Nuestra interpretación natural de lo que significa sacrificio nos lleva a los padecimientos dolorosos, a las ofrendas penitenciales, a la abstinencia de lo que nos gusta, a ofrendas que nos cuestan. Sin quitar el valor que puedan tener las acciones generosas, el texto sagrado nos abre a una dimensión más amplia de sacrificio cuando dice: “Acepta nuestro corazón contrito y nuestro espíritu humilde, como un holocausto de carneros y toros o una multitud de corderos cebados. Que este sea hoy nuestro sacrificio, y que sea agradable en tu presencia: porque los que en ti confían no quedan defraudados” (Dn 3, 39-40).
Es posible que nos planteemos los sacrificios como ofrenda para obtener algún beneficio, que hagamos nuestras promesas en cierto trato con Dios, si nos concede lo que le pedimos o para que nos conceda aquello que creemos que necesitamos. Y si no sucede aquello por lo que nos esforzamos y sacrificamos entramos en frustración, en desesperanza, y hasta en crisis de fe.
El salmista llega a reconocer en su oración: “Los sacrificios no te satisfacen: si te ofreciera un holocausto, no lo querrías. El sacrificio agradable a Dios es un espíritu quebrantado; un corazón quebrantado y humillado, tú, oh Dios, tú no lo desprecias” (Sal 50, 18-20).

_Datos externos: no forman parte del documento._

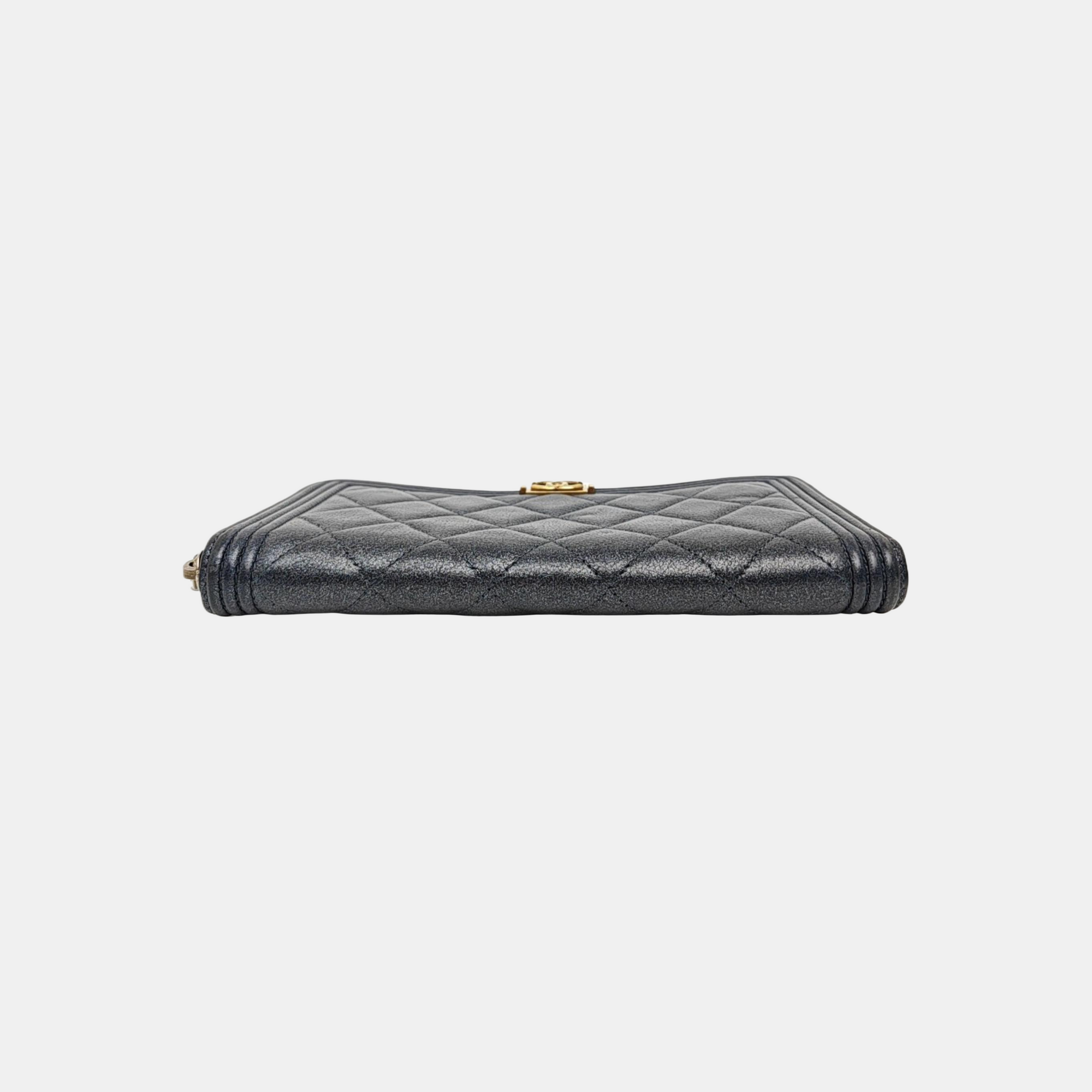 BOY CHANEL Mini Quilted Calfskin Blue Wallet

Solo el amor purifica la ofrenda de toda especulación egoísta. El camino del seguimiento significa, sin duda, ir detrás de Jesús, que lleva el peso de nuestras culpas; ir cargados con nuestra propia cruz, pero puestos los ojos en Él. Como diría Santa Teresa de Jesús: “Con tan buen Capitán, que se puso el primero en el padecer, todo se puede sufrir, es amigo verdadero”.
Una madre no suma los desvelos que le causa su hijo por la noche. El que ama espera, aguarda, confía, saber ser gratuito, no lleva cuentas del bien hecho, por muchos sacrificios que le suponga. Por el contrario, en el momento de la prueba es donde se le da la oportunidad de demostrar mayor amor. Así lo comprobamos en los santos. Cuentan que san Francisco de Asís le pidió a Jesús que le concediera llevar en su cuerpo las llagas de su Pasión, y que el Señor le respondió: “¡Qué loco estás, Francisco!” A lo que respondió el de Asís, “No tanto como Tú, Señor”.
En el camino hacia la Pascua, conscientes del sacrificio de Jesús en favor nuestro, ofrezcamos el sacrificio que le agrada a Dios, que no es otro que el corazón humilde, misericordioso, capaz de perdonar y de confiar en el Señor. Y surge la plegaria: “Te ofreceré un sacrificio voluntario, | dando gracias a tu nombre, que es bueno; porque me libraste del peligro, y he visto la derrota de mis enemigos” (Sal 53, 8-9).